A quick visit to our website is all it takes to discover that, at peer-to-peer lender Unbolted, our niche offering in the alternative finance space is a low-interest secured asset loan. But secured asset loans didn’t arise like the morning sun. They were created by living, trading human beings. We thought it might be interesting to take a brief look at the history of this method of borrowing. Relax, pour yourself a brew or a glass of wine (depending on what time of day you’re reading this), and come with us on our little historical foray.
The history of lending isn’t particularly well-documented, as it happens, but most financial historians believe that borrowing one kind of commodity against another began being practised by human beings thousands of years ago. As far as written evidence goes, the earliest loan contracts date back more than three thousand years to ancient Mesopotamia.
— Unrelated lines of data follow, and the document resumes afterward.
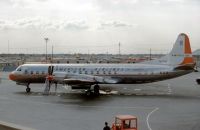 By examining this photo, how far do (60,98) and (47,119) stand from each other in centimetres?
1234

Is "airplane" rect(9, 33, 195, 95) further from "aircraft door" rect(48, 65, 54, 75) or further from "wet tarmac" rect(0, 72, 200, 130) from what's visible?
"wet tarmac" rect(0, 72, 200, 130)

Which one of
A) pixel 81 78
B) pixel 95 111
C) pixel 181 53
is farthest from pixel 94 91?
pixel 95 111

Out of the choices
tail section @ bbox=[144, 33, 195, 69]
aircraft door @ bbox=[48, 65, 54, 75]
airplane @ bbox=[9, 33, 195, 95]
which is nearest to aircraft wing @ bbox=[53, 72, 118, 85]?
airplane @ bbox=[9, 33, 195, 95]

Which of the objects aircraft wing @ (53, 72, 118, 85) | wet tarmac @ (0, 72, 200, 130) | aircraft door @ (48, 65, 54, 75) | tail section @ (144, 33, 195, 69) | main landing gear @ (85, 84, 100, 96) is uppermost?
tail section @ (144, 33, 195, 69)

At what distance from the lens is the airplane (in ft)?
130

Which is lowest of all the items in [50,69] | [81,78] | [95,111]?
[95,111]

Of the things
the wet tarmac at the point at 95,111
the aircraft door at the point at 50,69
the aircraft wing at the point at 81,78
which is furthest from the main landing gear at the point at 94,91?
the aircraft door at the point at 50,69

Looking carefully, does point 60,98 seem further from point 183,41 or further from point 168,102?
point 183,41

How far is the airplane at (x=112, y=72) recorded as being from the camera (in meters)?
39.7

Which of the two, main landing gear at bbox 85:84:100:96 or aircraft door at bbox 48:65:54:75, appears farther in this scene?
aircraft door at bbox 48:65:54:75

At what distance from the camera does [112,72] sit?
41.7 metres

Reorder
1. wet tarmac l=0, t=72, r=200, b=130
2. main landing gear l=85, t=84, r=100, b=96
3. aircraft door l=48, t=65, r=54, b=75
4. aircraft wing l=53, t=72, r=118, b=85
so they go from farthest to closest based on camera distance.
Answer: aircraft door l=48, t=65, r=54, b=75 < aircraft wing l=53, t=72, r=118, b=85 < main landing gear l=85, t=84, r=100, b=96 < wet tarmac l=0, t=72, r=200, b=130

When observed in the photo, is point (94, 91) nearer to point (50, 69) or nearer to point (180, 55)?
point (50, 69)

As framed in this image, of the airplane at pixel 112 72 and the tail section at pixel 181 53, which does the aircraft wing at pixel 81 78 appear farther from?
the tail section at pixel 181 53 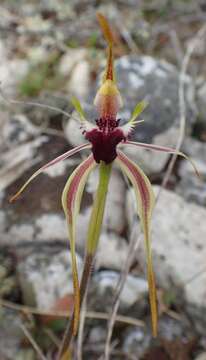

The documents that have survived the ensuing millennia occasionally make reference to interest and a functioning credit system, but it’s not clear from these ancient written contracts whether the modern sense of collateral was in use.
Again, historians have used educated guesses to fill in the blanks, and most believe that the earliest kind of collateral was an indentured loan, in which impoverished labourers pledged their services in exchange for borrowing what they needed. Grimly from our modern perspective, it’s highly probable that in many cultures, slaves were used as collateral, and in ancient Greek city-states (chiefly in temples), lending with labour was pervasive.
Meanwhile, during the Roman Empire, it was commonplace for feudal lords and wealthy landowners to use their land and property as collateral for borrowing money. For other less-wealthy borrowers, other forms of secured lending were available – they simply offered one or more of their possessions as collateral for the borrowed funds.
This was a surprisingly modern financial practise, with additional fees being charged as a form of interest for longer loan periods. As with Unbolted, once the agreed period had marked and the funds repaid, borrowers simply retrieved the secured items from the lender.
However, a financial scandal of sorts developed in the final years of the empire, when lending migrated from politically connected elites to small businesses. Interest rates started to soar exponentially. The Catholic Church denounced this as usury in the fourth century.
To this day, modern free market economies have usury laws, which specifically target the practice of excessive rates on borrowed funds by setting caps on the maximum interest that it is permissible to levy.
Indentured loans remained common throughout Europe until the 1800s, with the most spectacular in history occurring in 1824: Greek forces fighting for independence from the Ottoman Empire pledged “the whole of the national property of Greece” in exchange for funds to wage their battles. After winning independence and making the biggest land collateral pledge ever made, alas, Greece was to default on those loans.